If you have everything set up like this you won't have any problems


----------



## ccr

Amal_44 said:


> My account and credit card were created and used in the US, I didnt even live here. I still have a US computer which I connect the Kindle to. But when I go to put them in my cart a pop up comes up and says I cant buy them and deletes them from the cart. this happens with most, but not all, because I have been able to download a few. I will try again but I am pretty sure it has to do with my IP address.


Based on your post above this one, you were trying to buy eBooks that Amazon rejected. Correct ?

PM me the name & author of the book(s) and I will try with my account - to check for you if it is IP or settings.

Again, I have purchased hundreds of books from outside of US in the last years without ever had any problem.


----------



## Amal_44

ccr said:


> Based on your post above this one, you were trying to buy eBooks that Amazon rejected. Correct ?
> 
> PM me the name & author of the book(s) and I will try with my account - to check for you if it is IP or settings.
> 
> Again, I have purchased hundreds of books from outside of US in the last years without ever had any problem.


will do, thanks very much!


----------



## zin

Sparkysair said:


> There are many discussions on the Amazon website about this issue, specifically relating to UK expats who live in Spain but the principle is the same for any country. Basically you need to make sure your Amazon account and Kindle are set up correctly. If you want to use amazon.co.uk:
> 
> 1) Register a UK credit or debit card
> 2) Register a UK postal address
> 3) Set up one-click purchasing
> 4) In 'Manage Your Kindle' make sure that you have your current country set to UK
> 
> If you have everything set up like this you won't have any problems


This doesn't explain how Virgin Megastore in the UAE are able to sell the Kindle as well as the Kindle Fire (which is U.S. only according to Amazon.com) here.


----------



## Jynxgirl

Is anyone a prime member (I am so woulndt be an added cost) and actually able to stream all the tv and movies direct from their normal router/wifi/internet who has the fire in hand??? I have to turn on the work around to make it look like I am in the usa at this point, and do so on my laptop and use an hdmi cable to my tv at this point. Hoping the fire just magically works.  I know, optimistic. But Fire has no port out to a tv is my understanding   Why didn't they include this, even if would of been ten bucks more would be worlds better especially with their amazon prime available catalogs??? UGGHHHH. 

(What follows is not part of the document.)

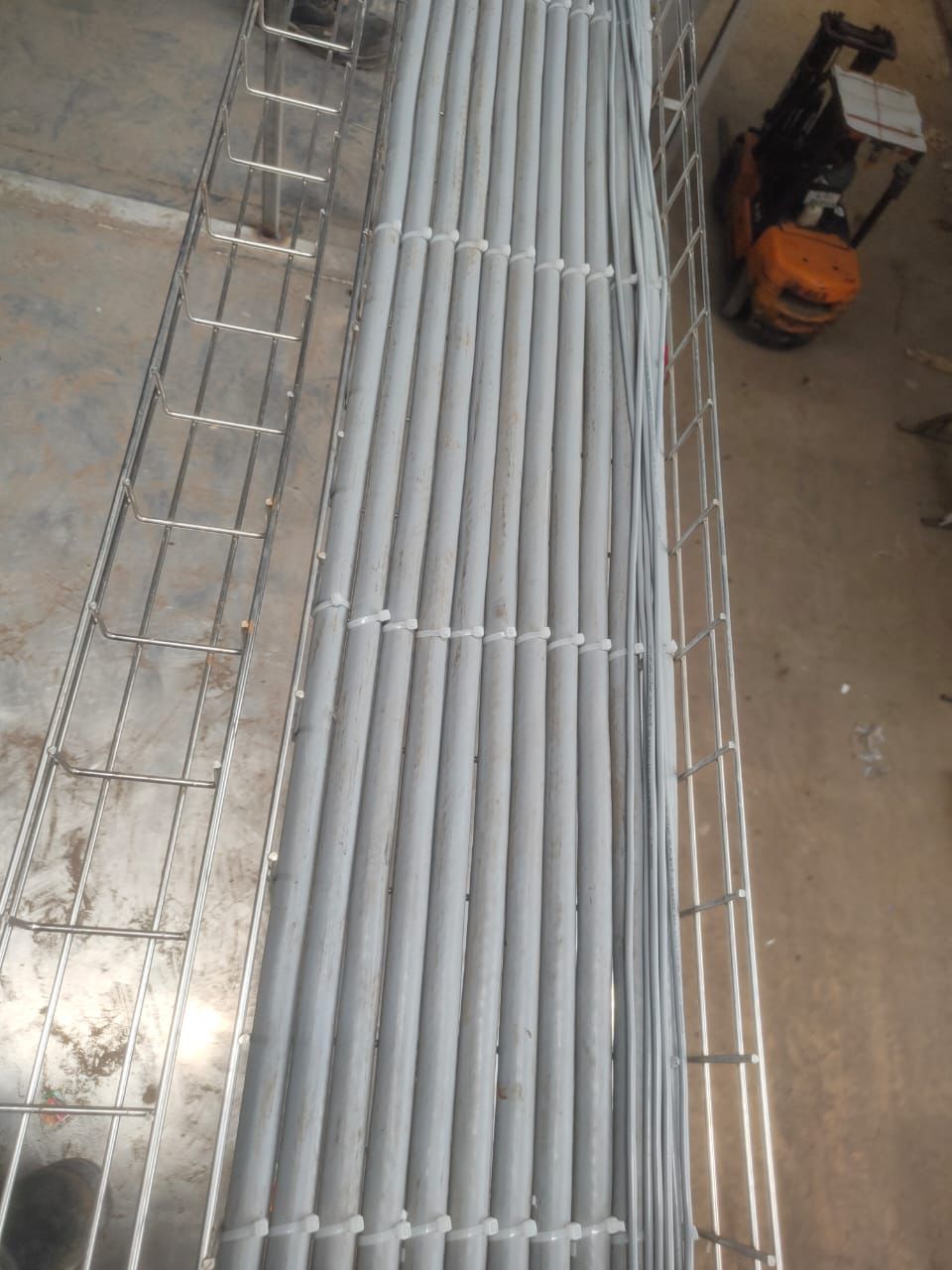 A close-up, top-down view of a wire mesh cable tray filled with neatly bundled gray cables.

Anyhow... I have come to the conclusion that I am going to have to buy a new vpn included router to use either the fire or my playbook for any type of normal streaming from the major sites I use (Hulu, Direct tv, etc). But curious if anyone is able to stream from the Fre in the uae direct from amazon with their prime account on their normal router? And any work around to stream it to their tv?


----------



## Mr Rossi

My wife got me the new Kindle Fire from Virgin Megastore here in the UAE for Christmas. She was sold by the assistant on the fact that it's an android tablet as well as a traditional content reader.

What Virgin are (obviously) not telling you is that this thing is locked into purchasing content from Amazon ie you have to use Amazon app store rather than the traditional Android market place. It's understandable, apparently Amazon are making these at a loss and intend to recoup/profit from selling content.

Here's the double whammy though - Amazon app store is not available in this region rendering the bulk of this 1000 AED machine useless. I wouldn't mind so much if it was some grey import job for a local store but it's little more than a scam from Virgin. I'm getting by with work arounds and side loading but can't help feel sorry for the less technically minded out there. In half a mind to try take it back myself, though I can imagine that would be a long fight.

Anyway be warned if you fancy one of these and it'll be the last dirham I ever spend in Virgin.


----------



## Jynxgirl

Thanks for that Rossi. That was the feedback (and what I figured was the case) I was looking for.


----------